As I continue to think about Gospel living and loving others, I find great encouragement from Amy Carmichael: “Let nothing be said about anyone unless it passes through the three sieves: Is it true? kind? necessary?” (p. 58). These are three questions worth asking before I speak, write or think about someone, or to them.
Just two weeks into my 2016 reading plan and I’m already reaping the benefit of reading less and thinking more. The slower pace gives me space to tie my reading together and apply it. Though beneficial, I can’t say it’s entirely fun. In fact, this extended pondering has led to conviction and brokeness.

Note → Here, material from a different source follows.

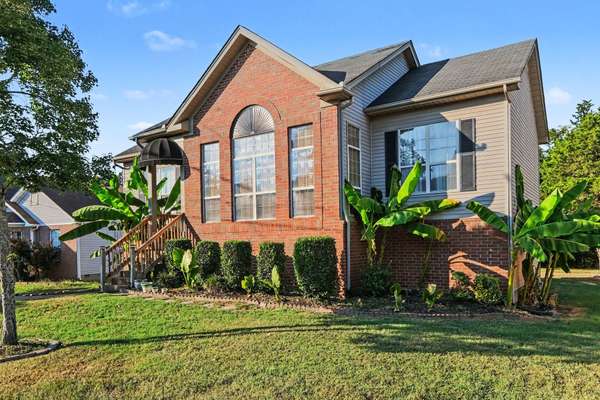 3777 Seasons Dr, Antioch, TN 37013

The Lord has been using Amy Carmichael: Beauty For Ashes to reveal my pride and self-centeredness. He’s also been showing me how often I focus on the trivial. For Amy, trying to rescue and minister to as many children as possible in India, “[t]hree things mattered: the verbal inspiration of Scripture, the power of God to deal with His enemy, and loyalty to one another.” (p. 88) These were her requirements for those who would partner in ministry with her. She stood firm upon the Word and solid doctrine, but those were the only issues that divided her from others in ministry. When she parted ways with some co-laborers who did not believe in the total inerrancy of Scripture, she did so privately and remained quiet about it.
Of course, Amy Carmichael didn’t have the technology of today. No world-wide audience at her fingertips. (Her books were published only because her mother championed them in Amy’s native England.) No up-to-the second news feeds. She wasn’t concerned with site hits or the number of people who liked her latest pithy tweet. She was too busy working long, hard days for the sake of the Gospel and the broken children she had rescued from temple slavery and prostitution.
Amy Carmichael had an effective Biblical ministry, which Paul Tripp defines well:
…truly effective ministry of the Word must confront our self-focus and self-absorption at its roots, opening us up to the vastness of a God-defined, God-centered world. Unless this happens, we will use the promises, principles, and commands of the Word to serve the thing we really love: ourselves. This may be why many people read and hear God’s Word regularly while their lives remain unchanged. Only when the rain of the Word penetrates the roots of the problem does lasting change occur.
(Instruments in the Redeemer’s Hands, p. 24-25)
His words unwrap my sin and lay it bare before my blinded eyes. I have wielded the Word of God has a sword against the wrong enemy: the people around me.